Tuesday, December 20, 2016

SharePoint 2013: An unrecognized HTTP response was received when attempting to crawl this item

I got this error message:
The start address http://somesite cannot be crawled.
Context: Application 'Search_Service_Application', Catalog 'Portal_Content'
Details:
An unrecognized HTTP response was received when attempting to crawl this item. Verify whether the item can be accessed using your browser.   (0x80041204)
  
The start address https://somesite cannot be crawled.
Context: Application 'Search_Service_Application', Catalog 'Portal_Content'
Details:
Item not crawled due to one of the following reasons: Preventive crawl rule; Specified content source hops/depth exceeded; URL has query string parameter; Required protocol handler not found; Preventive robots directive. (0x80040d07)

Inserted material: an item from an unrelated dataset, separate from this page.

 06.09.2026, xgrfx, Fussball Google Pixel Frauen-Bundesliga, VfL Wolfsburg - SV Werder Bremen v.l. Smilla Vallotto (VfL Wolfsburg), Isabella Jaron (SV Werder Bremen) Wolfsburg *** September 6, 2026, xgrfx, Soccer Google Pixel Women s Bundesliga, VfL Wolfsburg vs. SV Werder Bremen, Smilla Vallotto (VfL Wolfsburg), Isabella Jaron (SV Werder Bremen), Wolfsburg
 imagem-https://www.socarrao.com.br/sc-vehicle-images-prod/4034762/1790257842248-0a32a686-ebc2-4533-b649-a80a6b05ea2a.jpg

After recreating the search and different changes to the content sources and the typical missing permissions, the customer basically got stuck with this broken search. After taking a look at the settings and the web.config I found this:
<httpProtocol>
<customHeaders>
<add name="X-Content-Type-Options" value="nosniff" />
<add name="X-MS-InvokeApp" value="1; RequireReadOnly" />
</customHeaders>
</httpProtocol>

What does this do?
1. <add name="X-Content-Type-Options" value="nosniff" />
Every file will bring a MIME type with it, which can differ from the specified MIME type. Internet Explorer can check the files, if the files should be handled different and choose a different application or handling of the file. But this will also lead to a security issue, for example: you upload a modified JPEG with a script included, this JPEG could possibly start to run the code if handled the wrong way. Basically the script will get detected and because the MIME type detected by IE is different from the specified MIME type, IE will start to run the script.

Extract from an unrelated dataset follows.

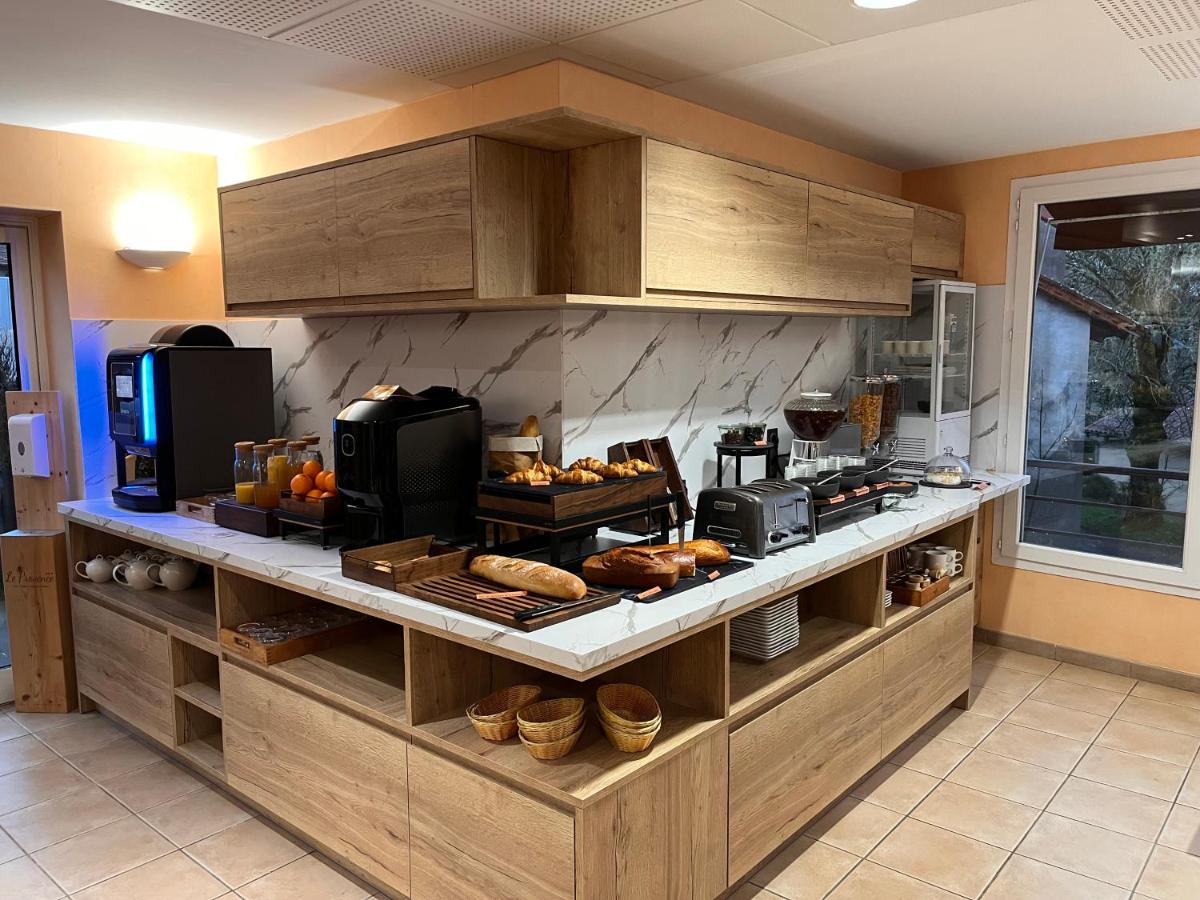 Cuisine ou kitchenette dans l'établissement Logis Hotel Spa Restaurant Le Provence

2. <add name="X-MS-InvokeApp" value="1; RequireReadOnly" />
With InvokeApp the Internet Explorer can start an application (like Office) and hand over the URL to the application. The file only open in a read only state with "RequireReadOnly" set in this line.

It is fine to remove those lines if you are not running an external website in your SharePoint environment. As soon as you allow anonymous access, you should put those lines back in. But those lines will also create some issues with the search. Removing them fixed my issues.